▸ Problem details: Would you please repeat exactly the entries below, starting at the line with "Baby GAP Cream" and ending at the line with "Pre-owned Ypb Tank", and nothing outside that range? Leave out the pictures.

▸ Provided information:
━━━━━━━━━━━━━━━━━━━━
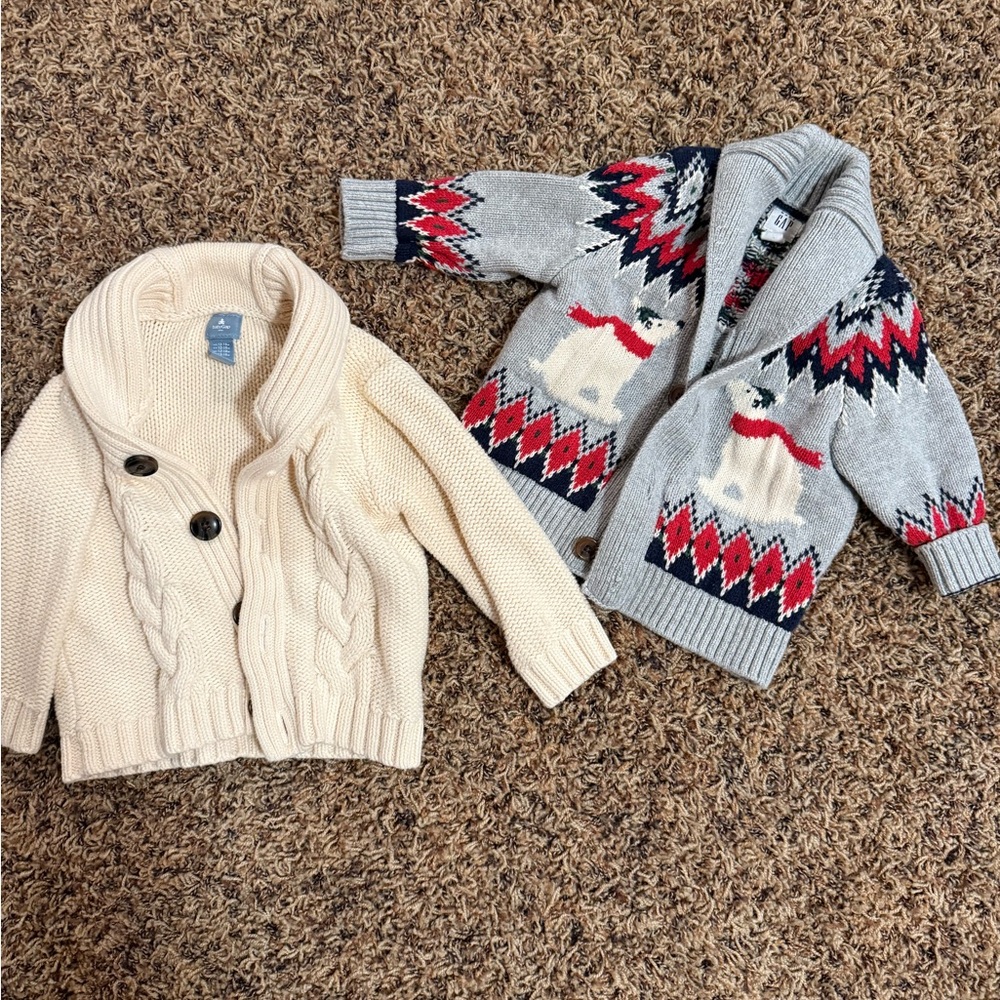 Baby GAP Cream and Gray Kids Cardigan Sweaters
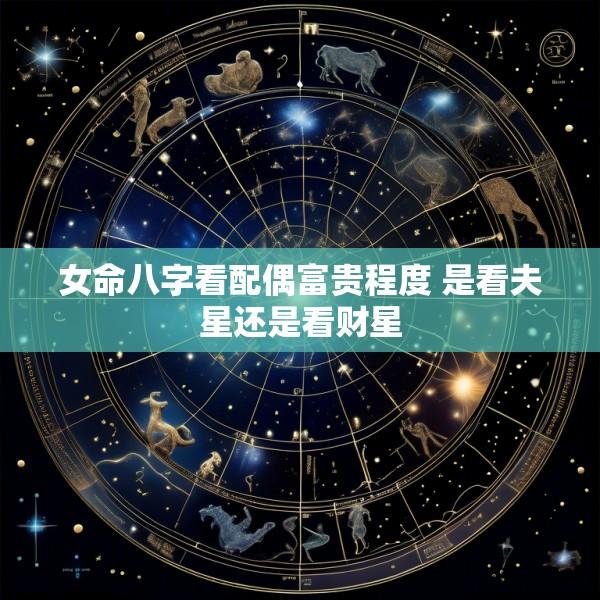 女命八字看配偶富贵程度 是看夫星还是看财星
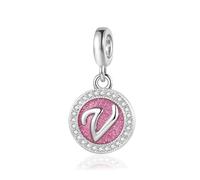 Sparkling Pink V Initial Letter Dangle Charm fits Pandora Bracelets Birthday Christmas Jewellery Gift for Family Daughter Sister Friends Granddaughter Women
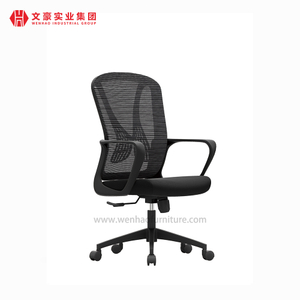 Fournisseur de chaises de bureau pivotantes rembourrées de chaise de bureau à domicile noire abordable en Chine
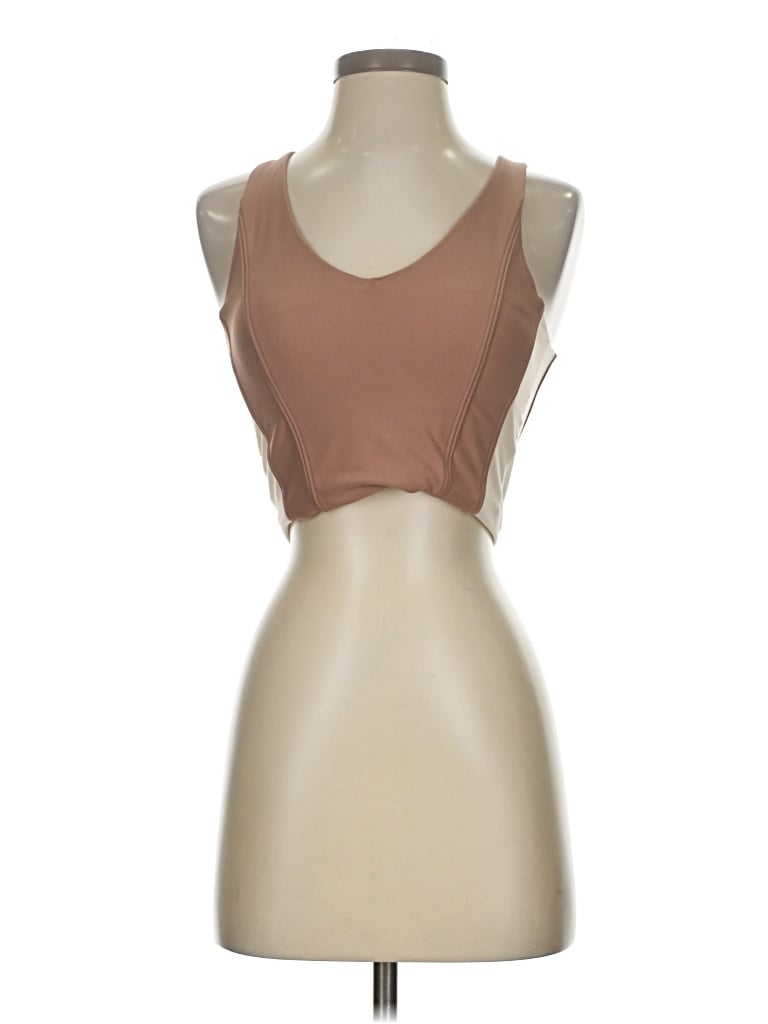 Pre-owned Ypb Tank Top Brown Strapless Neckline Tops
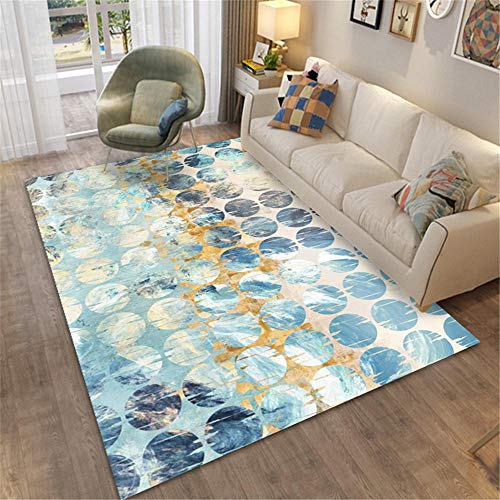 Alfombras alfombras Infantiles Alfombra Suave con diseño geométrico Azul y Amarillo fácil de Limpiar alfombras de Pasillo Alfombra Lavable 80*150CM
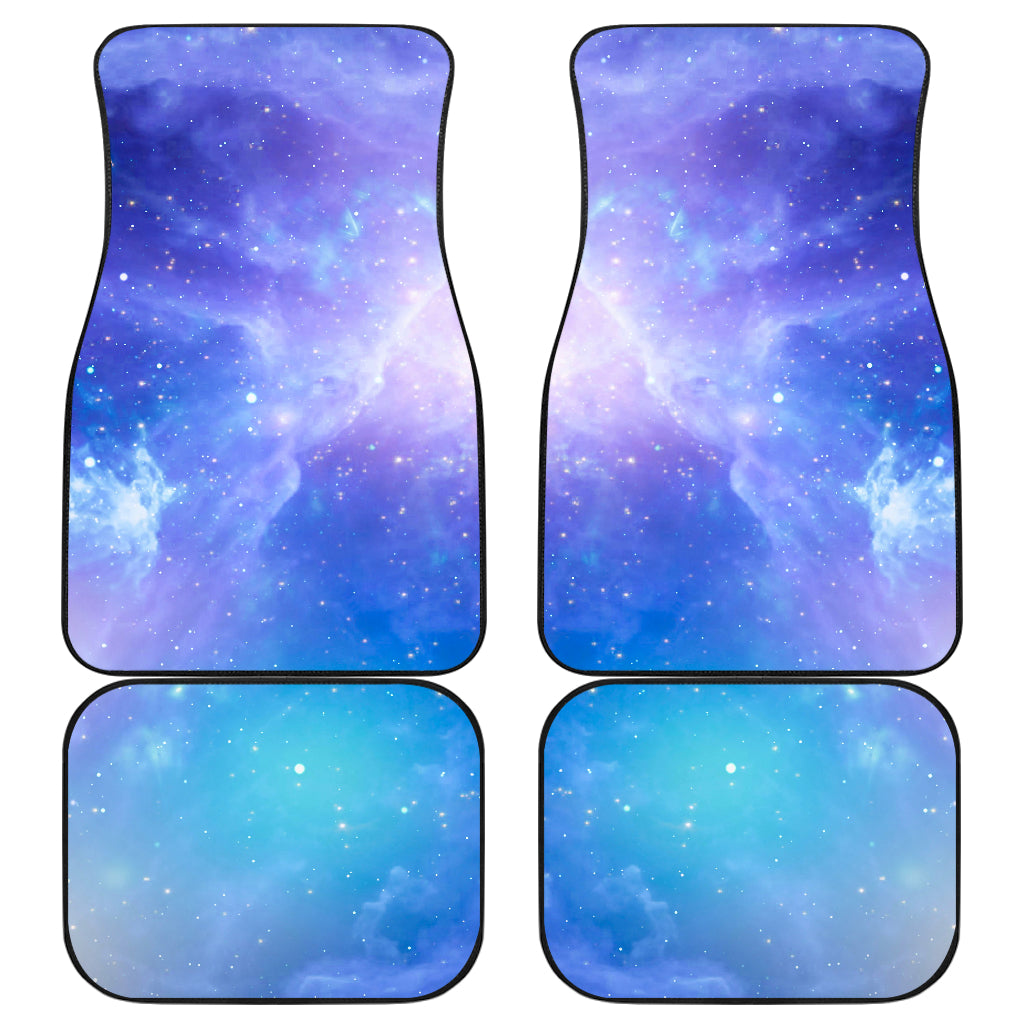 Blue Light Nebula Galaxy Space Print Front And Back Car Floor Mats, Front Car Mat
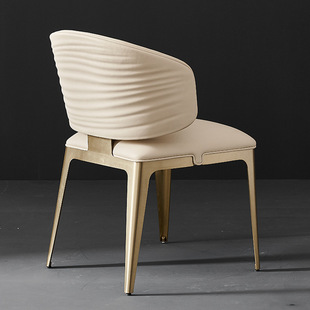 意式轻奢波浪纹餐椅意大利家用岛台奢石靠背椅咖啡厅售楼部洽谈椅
━━━━━━━━━━━━━━━━━━━━
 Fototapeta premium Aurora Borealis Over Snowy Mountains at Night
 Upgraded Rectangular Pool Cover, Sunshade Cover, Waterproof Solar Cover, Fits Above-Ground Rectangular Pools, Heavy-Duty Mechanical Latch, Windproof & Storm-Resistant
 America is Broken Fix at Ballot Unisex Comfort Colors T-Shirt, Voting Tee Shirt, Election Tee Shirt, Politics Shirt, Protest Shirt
━━━━━━━━━━━━━━━━━━━━
▸ Expected output:
 Baby GAP Cream and Gray Kids Cardigan Sweaters
 女命八字看配偶富贵程度 是看夫星还是看财星
 Sparkling Pink V Initial Letter Dangle Charm fits Pandora Bracelets Birthday Christmas Jewellery Gift for Family Daughter Sister Friends Granddaughter Women
 Fournisseur de chaises de bureau pivotantes rembourrées de chaise de bureau à domicile noire abordable en Chine
 Pre-owned Ypb Tank Top Brown Strapless Neckline Tops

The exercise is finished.